Ninth Circuit Court of Appeals Rules – Failure to Specifically State “This Communication is From a Debt Collector” is Not FDCPA Violation

Yesterday, the Court of Appeals for the Ninth Circuit reversed a decision from a district court in a bench trial that a collection law firm had violated the Fair Debt Collection Practices Act (FDCPA) by failure to specifically state in a voice message: “This communication is from a debt collector.”

The case is Davis v. Hollins Law, a Professional Corporation, (Ninth Circuit Court of Appeals, Case No 2:12-cv-03107). A copy of the opinion can be found here.

Background

Plaintiff Michael Davis obtained an American Express TrueEarnings Business Card at Costco in 2009.  In order to qualify for a business card, Davis filled in the credit card application with information about his wife’s real estate practice, even though his wife had stopped working in real estate the previous year. He subsequently used the card to purchase a number of personal items at Costco, including groceries, gas, and a 65-inch television. Neither Davis nor his wife ever used the card for business purposes.

Davis failed to pay the balance on the American Express card and his debt was referred to Hollins Law. The firm’s first contact with Davis was on July 23, 2012.  Between July 23, 2012 and September 25, 2012 the law firm and the plaintiff had significant interaction regarding a potential settlement of the account. The interaction included voice messages, telephone conversations, and email exchanges.

Then, on September 25, 2012 an employee of the law firm (Gregory Daulton) left the following voicemail message for Davis:

“Hello, this is a call for Michael Davis from Gregory at Hollins Law. Please call sir, it is important, my number is 866-513-5033. Thank You.”

In the voicemail message, the employee did not state that Hollins Law was a debt collector. However, Davis later admitted in response to a discovery request that, “Upon hearing the voice message, . . . Plaintiff understood that it was from a debt collector by combining the message itself with Plaintiff’s prior knowledge that Defendant was a debt collector.”

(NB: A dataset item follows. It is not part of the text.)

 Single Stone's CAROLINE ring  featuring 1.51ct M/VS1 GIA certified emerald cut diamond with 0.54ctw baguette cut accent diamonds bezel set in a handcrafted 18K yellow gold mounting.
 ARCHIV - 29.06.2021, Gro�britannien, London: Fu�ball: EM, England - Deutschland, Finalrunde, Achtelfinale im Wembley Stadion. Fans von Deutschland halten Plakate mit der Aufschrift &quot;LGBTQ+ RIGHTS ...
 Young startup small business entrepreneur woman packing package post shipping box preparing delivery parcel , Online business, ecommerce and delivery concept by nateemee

After September 25, 2012 (from October 4 to October 12) Davis and the law firm employee exchanged eleven additional emails discussing a potential settlement of the account. By October 12 (the last email in the record), the two parties had still not reached an agreement to settle the debt.

On December 28, 2012, Davis filed suit against Hollins Law, alleging a violation of the FDCPA. In his complaint, Davis stated that Hollins Law was “attempting to collect a debt” on behalf of American Express and that by leaving the September 25th voicemail message, Hollins Law violated the FDCPA by (among other things) “failing to disclose in subsequent communications that the communication was from a debt collector” in violation of § 1692e(11).

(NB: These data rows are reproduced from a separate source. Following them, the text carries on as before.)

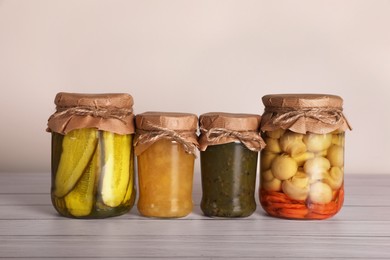 Jars with different preserved ingredients on wooden table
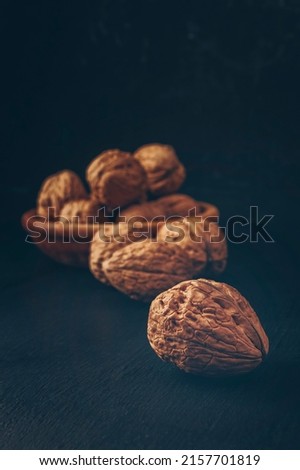 Walnuts on a dark background. The concept of proper nutrition. Walnuts are an excellent source of antioxidants and including LDL cholesterol, which prevention atherosclerosis. 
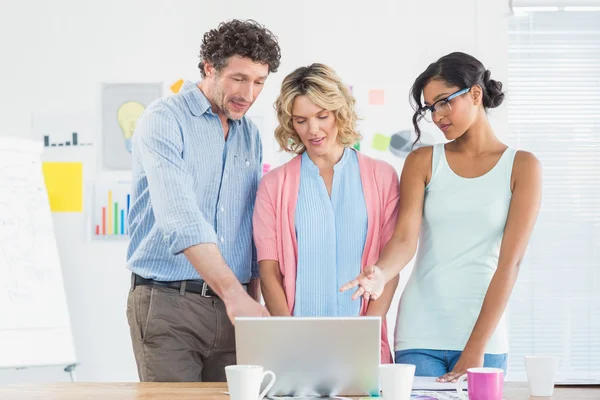 Casual Business Team schaut gemeinsam auf Laptop — Stockfoto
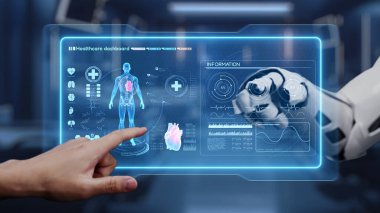 Robot ve insan eliyle insan anatomisi ikonunu işaret ediyor. Robot el ve insanın birlikte çalışırken röntgen hologramıyla bulanık labaratuvarı işaret etmesine yakın çekim. Sağlıklı..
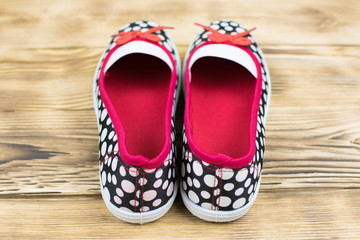 teenage textile shoes black in white polka dots, on a green wooden surface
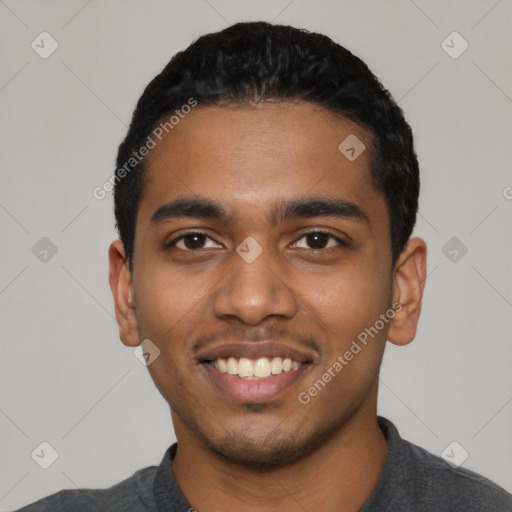 Joyful black young-adult male with short  black hair and brown eyes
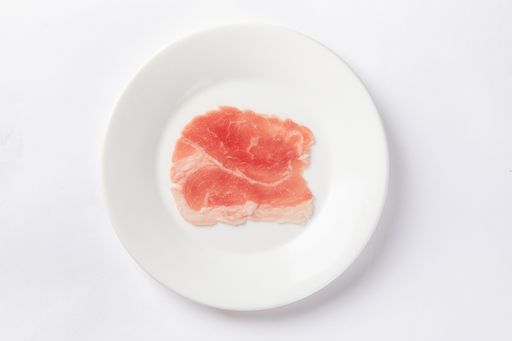An overhead shot of a raw slice of lamb meat on a white plate isolated on white background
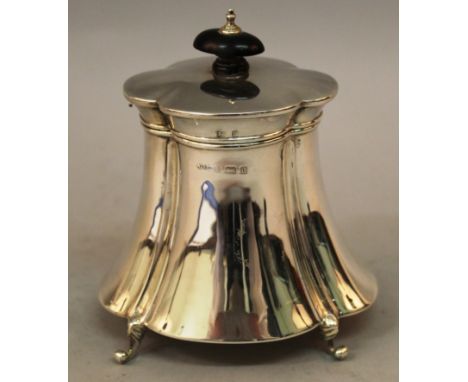AN EDWARD VII SHAPED TEA CADDY AND COVER on four curving legs Birmingham 1901.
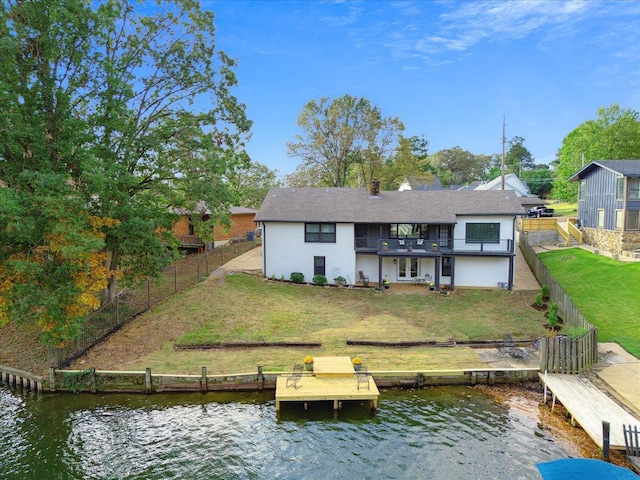 rear view of property with a water view, a balcony, a fenced backyard, and a lawn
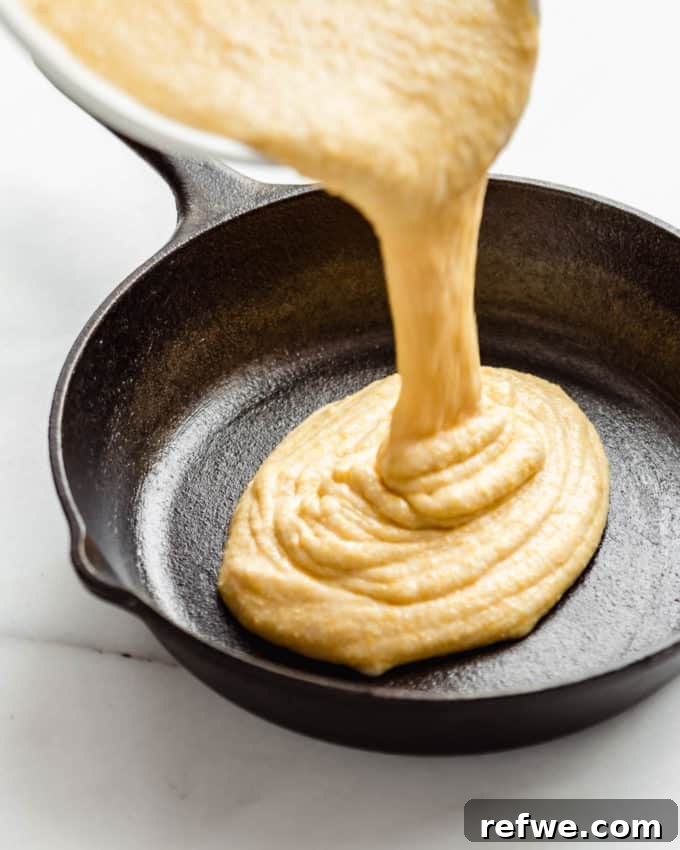 Plant-Based Cornbread 7 Smooth vegan cornbread batter being gracefully poured into a perfectly greased cast iron skillet, ready for baking.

The district court held a bench trial on April 15, 2014, and ruled in favor of Davis. The trial court held that the debt at issue was consumer debt because the credit card was “primarily used for household purposes” even though Davis had applied for a business credit card. Therefore, the FDCPA (which applies only to consumer debt) was applicable to communications from Hollins Law to Davis.

Further, the trial court held that because the September 25th voicemail message failed to disclose that “the communication is from a debt collector,” it technically violated § 1692(e)(11), which imposes liability for the “failure to disclose in subsequent communications that the communication is from a debt collector.”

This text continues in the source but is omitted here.